* Work to be completed
Begin at the line below that has "Armada Aparthotel Alba Iulia Exterior photo". Stop after the line that has "Add Vision lockable", repeating each line exactly and leaving out the pictures.

* Material for the task
---

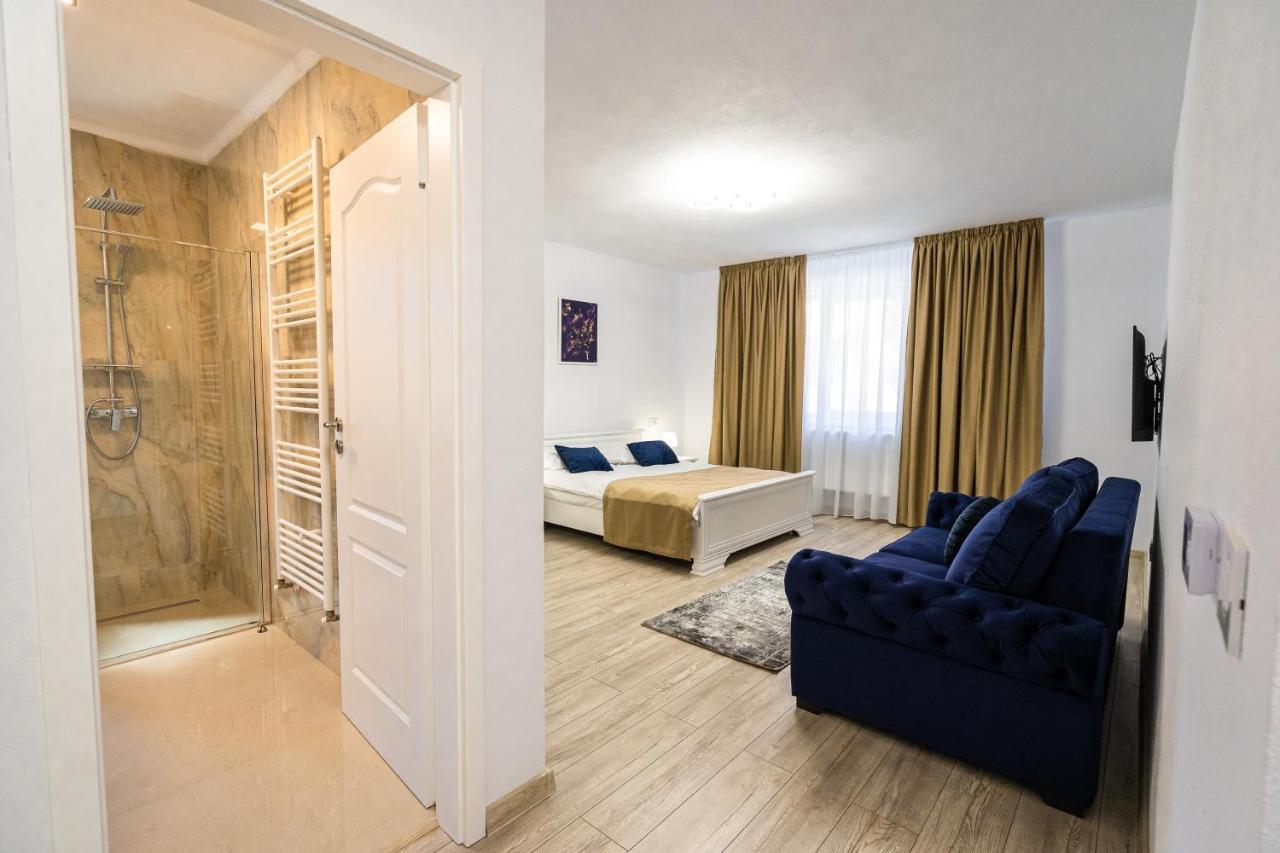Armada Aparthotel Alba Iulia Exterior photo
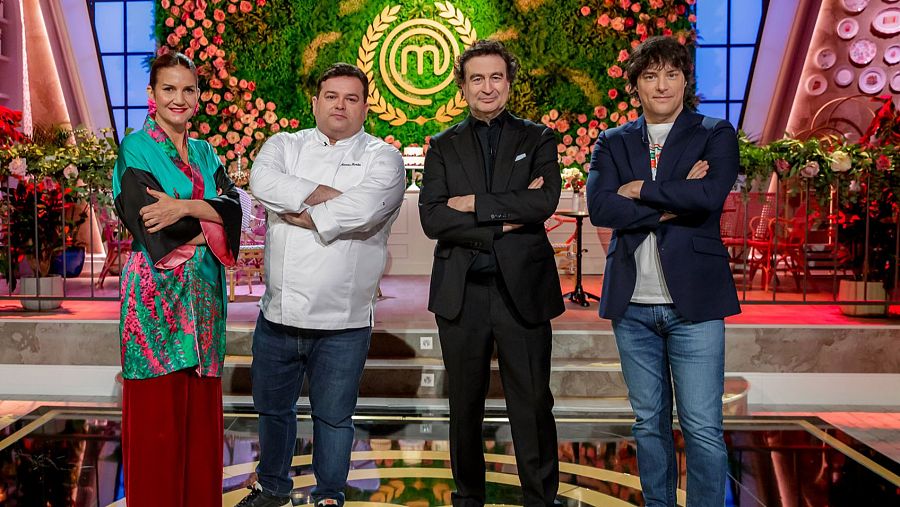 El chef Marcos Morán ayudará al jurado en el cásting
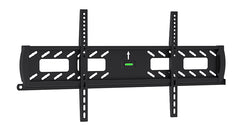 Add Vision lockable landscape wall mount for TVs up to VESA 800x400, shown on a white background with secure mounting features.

---

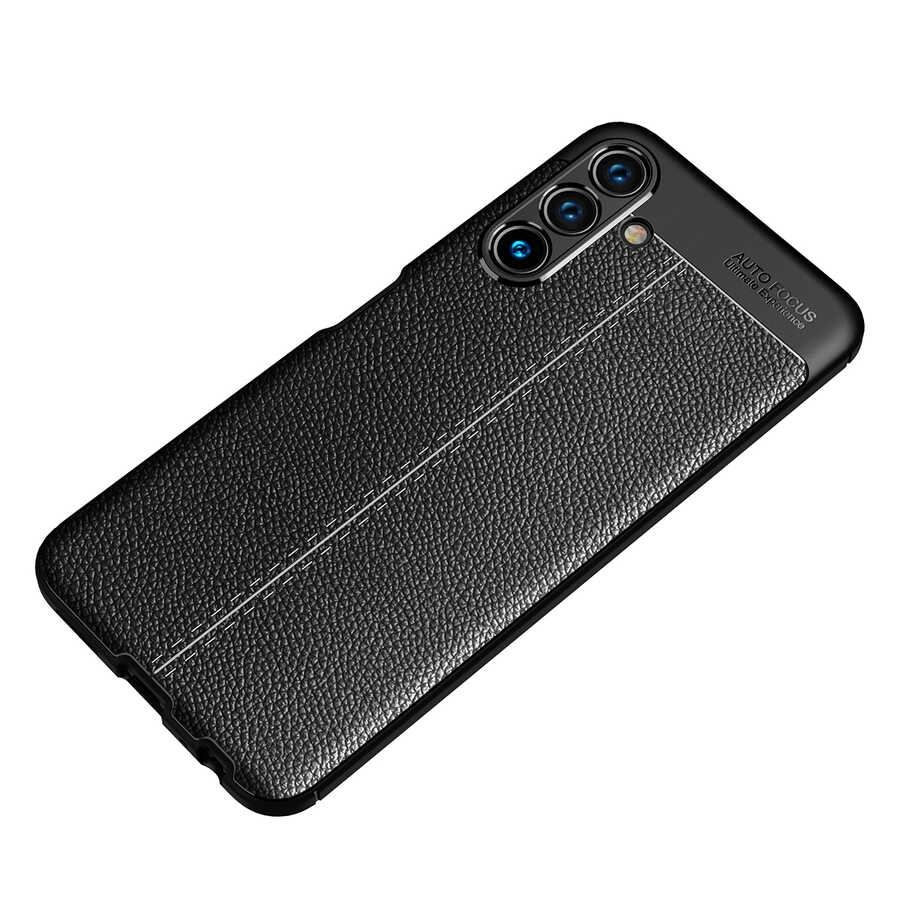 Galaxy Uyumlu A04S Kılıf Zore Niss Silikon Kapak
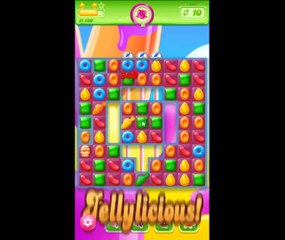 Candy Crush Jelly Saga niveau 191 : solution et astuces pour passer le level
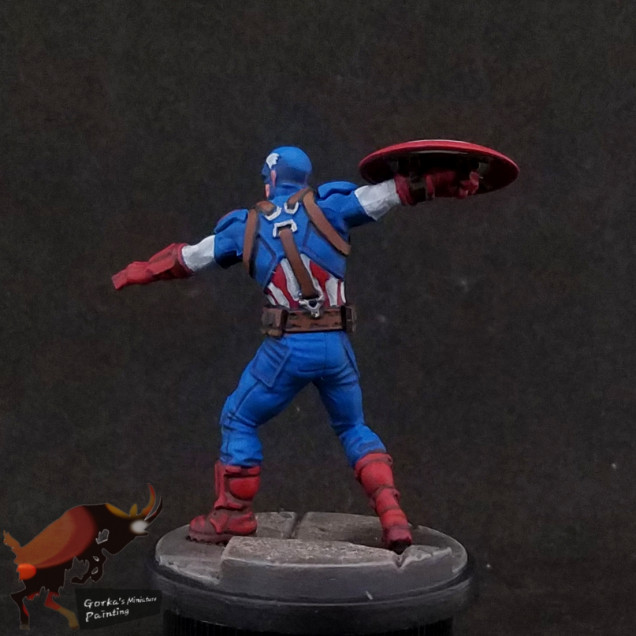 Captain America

---

* Finished task
Armada Aparthotel Alba Iulia Exterior photo
 El chef Marcos Morán ayudará al jurado en el cásting
 Add Vision lockable landscape wall mount for TVs up to VESA 800x400, shown on a white background with secure mounting features.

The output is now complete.